Breaking Rules in Syria

In another public trouncing of established international law, U.S. military helicoptors staged an attack yesterday 8 kilometers inside Syria. According to the Washington Post:

"Sunday's attack was on the Sukkariyeh Farm near the town of Abu Kamal, five miles inside the Syrian border. Four helicopters attacked a civilian building under construction, firing on the workers inside, shortly before sundown."

The target of the strike was Abu Ghadiya, described as "one of the most prominent foreign fighter facilitators in the region" by an anonymous official who added "He is believed to have been killed." Details were added by Syrian Foreign Minister Waleed Moallem in this video posted on CNN's website; according to his reports, the helicopters landed at the farm in broad daylight; soldiers disembarked and killed civilian construction workers, the farm guard and his family, four children, and even a hapless nearby fisherman.

This action will surely complicate the already hairy negotiations over a longer US precense in Iraq after the UN mandate expires in two months. And although Western papers are overwhelmingly including the word "rare" in their description of the attack (just try Googling "Rare Attack on Syria" to see what I mean), we have to view this event within a larger context. First of all, although US strikes into Syria may be "rare" (right now), strikes across Pakistani borders were getting increasinly un-rare until a large enough public backlash occurred several months ago. Secondly, the neccesity for breaking international rules to protect national interests reflects a broad trend in contemporary conflict - state actors pitted against non-state actors.

I like Lionel Beehner blog-topic of earlier this year (check it out at Huffington Post) in which he makes the case for non-violence in these new wars against terrorists, criminal networks, and separatist groups.

"The steady erosion of sovereign borders and growing threat of non-state actors like al-Qaeda suggest that these kinds of cross-border incursions will grow ever more frequent. Moreover, because states fear tipping local sympathies toward the side of the non-state actor--and losing the public relations battle, as it were--these kinds of "hot pursuit" missions will not be sustained, heavy-handed attacks with massive casualties but rather short in-and-out raids or air strikes. The targets will not be large population centers but terrorist camps or weapons caches, mostly found along borders."

Beehner writes that this kind of war strategy cannot work, because the deck is stacked against the state actor - raids aren't heavy-handed enough to suppress the threat, but they are heavy-handed enough to cause outrage.
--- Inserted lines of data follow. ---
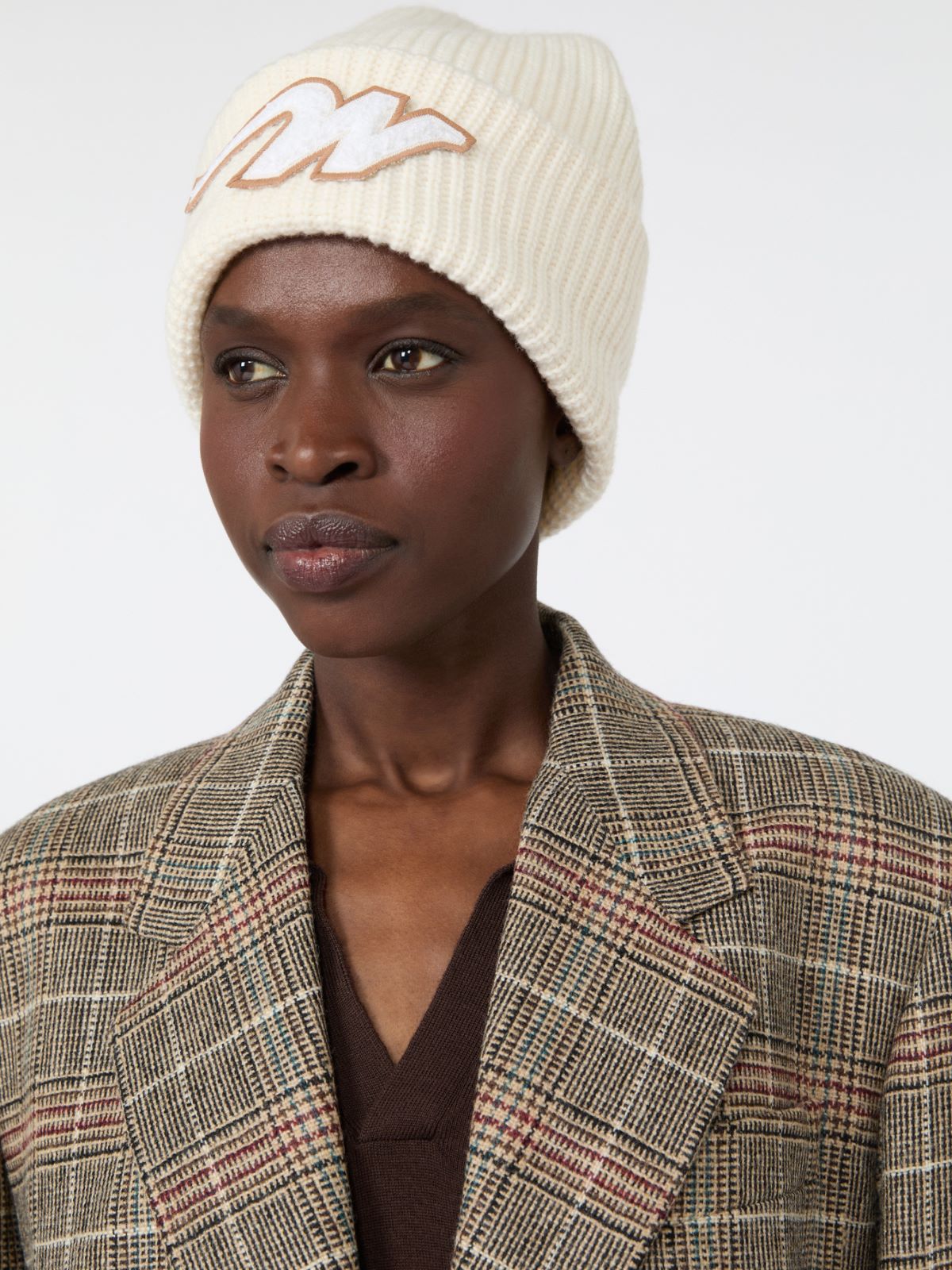 Wool beanie with “W” patch - Weekend Max Mara - 3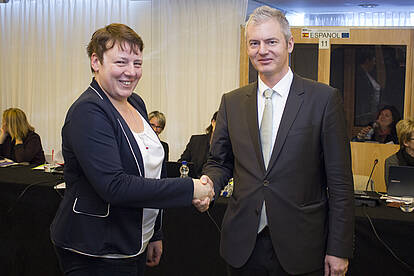 Elke Maes und Dr. Sebastian Hopfner, alternierende Vorsitzende des Europäischen Sektoralen Sozialen Dialogs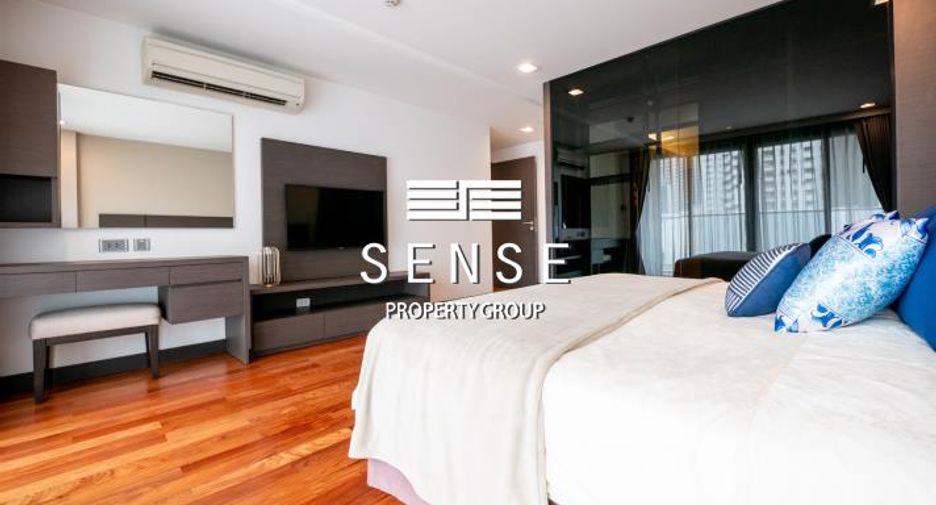 For rent 3 bedrooms condo in Watthana, Bangkok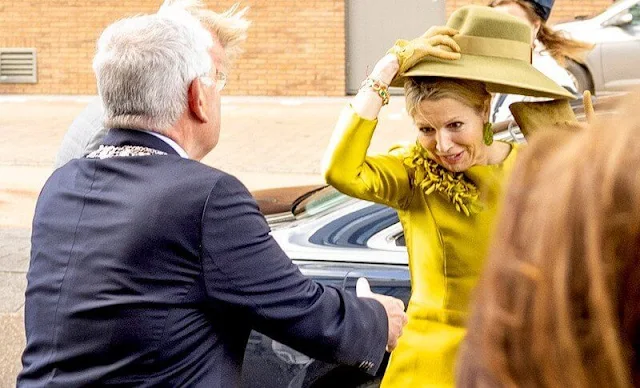 Queen Maxima wore a mustart yellow satin dress by Natan. The Taal aan Zee foundation gives Dutch language lessons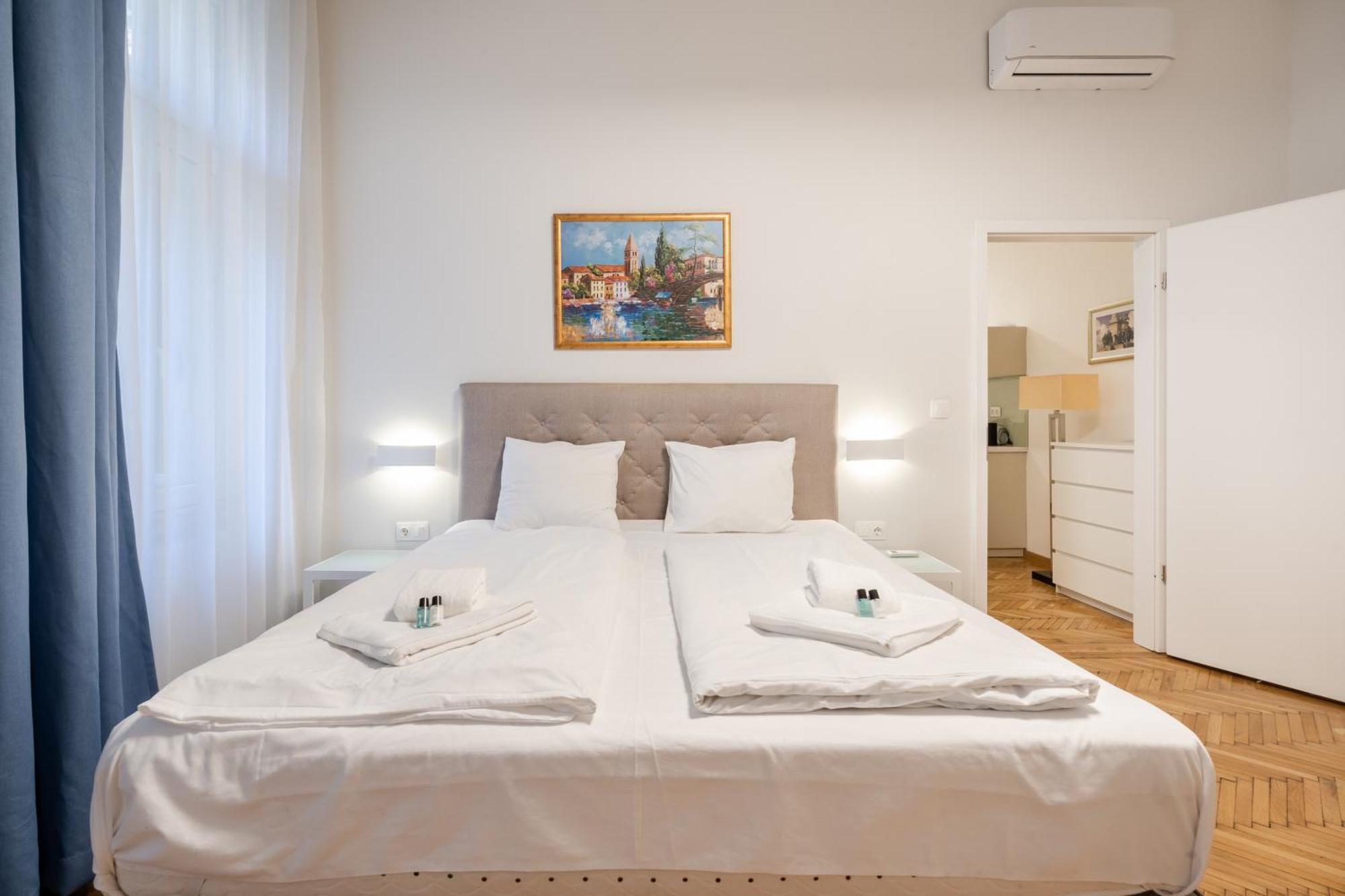 City Block Apartman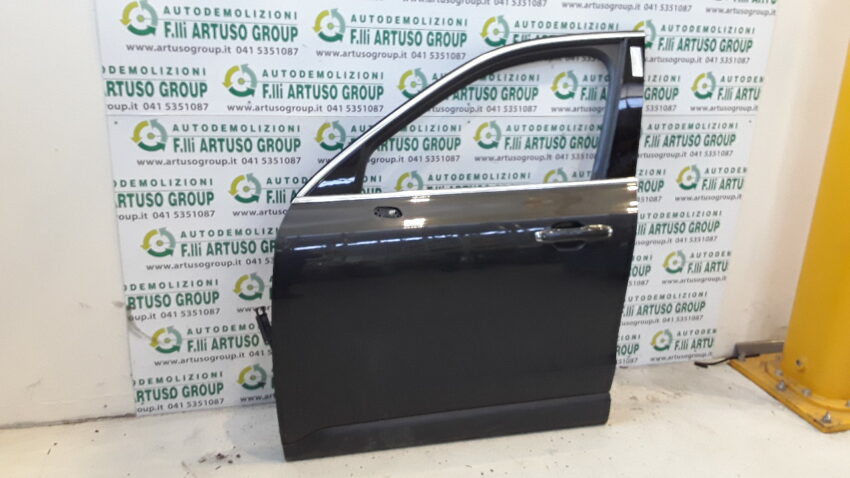 PORTA ANTERIORE SINISTRA VOLVO XC90 31698770 anno 2016 - immagine 3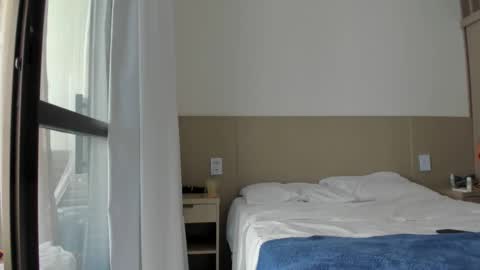 Snapshot of julieta__cooper chatting on 02-11-26, 01:38 Juli online show from 02-11-26, 01:38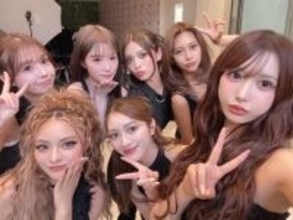 「爆美女すぎる」伊藤桃々、『egg』復刊後の初期メン集合に「みんな綺麗に大人になってて感動した」反響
The outcome is a long, intractable conflict with public opinion turned against the state. The viable strategy is nonviolent, says Beehner: long term development through improving social, economic, and political conditions - and relationship building on the ground.

It seems to me that this "radical" strategy gives the added benefit of protecting and strengthening normative rules instead of undermining them. And the rules it protects are pro-social ones that underpin stable democratic regimes: human rights and non-violent conflict resolution. Hmm - how's that for "democratization"?